FRENSIA.ID– Ada pertanyaan, bolehkah ummat Muslim ikut merayakan natal. Ternyata hal demikian ini jadi konflik besar tokoh-tokoh agama di Indonesia. Sebagaimana yang disebut dalam riset seorang akademisi dari UIN Sunan Kalijaga, Nurhadi.
Riset ini telah terbit pada jurnal Al-Jami’ah. Nurhadi menjelaskan sebagaimana isi risetnya yang diupload bahwa isu perayaan Natal bersama mencuat ke permukaan pada dekade 1980-an dan menjadi masalah kontroversial yang memicu perdebatan sengit di kalangan umat Islam dan pemerintah.
Pada masa itu, belum ada ketetapan hukum Islam yang secara spesifik mengatur peran serta umat Islam dalam perayaan Natal bersama, sehingga Majelis Ulama Indonesia (MUI) merasa perlu mengeluarkan fatwa untuk menjaga kemurnian akidah umat.

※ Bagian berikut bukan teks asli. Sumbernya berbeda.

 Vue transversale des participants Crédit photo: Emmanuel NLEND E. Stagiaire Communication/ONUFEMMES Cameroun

Pada tanggal 7 Maret 1981, Komisi Fatwa MUI akhirnya mengeluarkan fatwa yang intinya mengharamkan umat Islam mengikuti upacara Natal bersama karena dianggap mencampuradukkan akidah dan ritual agama. Fatwa ini menegaskan bahwa meskipun tujuannya menghormati Nabi Isa AS, perayaan tersebut tidak bisa dipisahkan dari unsur ritual Kristiani yang meyakini ketuhanan Yesus, sesuatu yang bertentangan dengan prinsip tauhid Islam.

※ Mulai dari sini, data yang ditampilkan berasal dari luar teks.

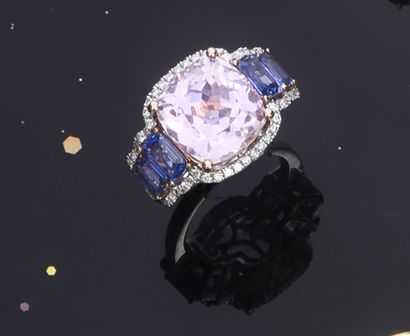 null Ring in two shades of pink and white gold 750e, set with a kunzite (about 9...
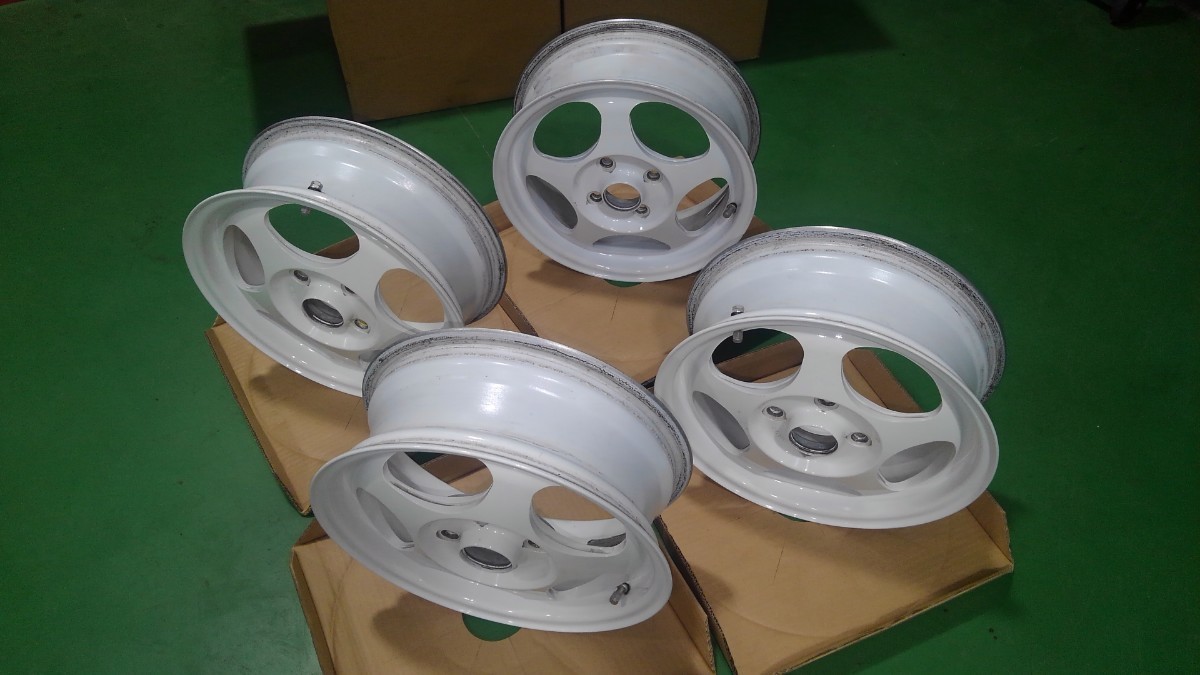 ディスモンド リーガマスター 14インチ ホワイト 4本SET 14×5J +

Ketegangan mulai memuncak ketika fatwa yang seharusnya menjadi pegangan internal Kementerian Agama ini bocor ke publik dan dimuat oleh harian Pelita pada 5 Mei 1981. Publikasi ini memicu reaksi keras dari pemerintah Orde Baru yang saat itu sedang gencar mengkampanyekan Trilogi Kerukunan Beragama.
Menteri Agama saat itu, Alamsyah Ratu Perwiranegara, merasa terpojok dan marah karena menganggap fatwa tersebut dapat mengganggu stabilitas nasional dan persatuan bangsa. Pemerintah berpandangan bahwa menghadiri perayaan agama lain adalah hal lumrah sebagai bentuk penghormatan, selama tidak mengikuti ritual ibadahnya.
Konflik antara pandangan ulama yang ingin menjaga akidah dan pemerintah yang mengutamakan stabilitas nasional ini berujung pada peristiwa dramatis. Buya Hamka, selaku Ketua Umum MUI, memilih bersikap tegas.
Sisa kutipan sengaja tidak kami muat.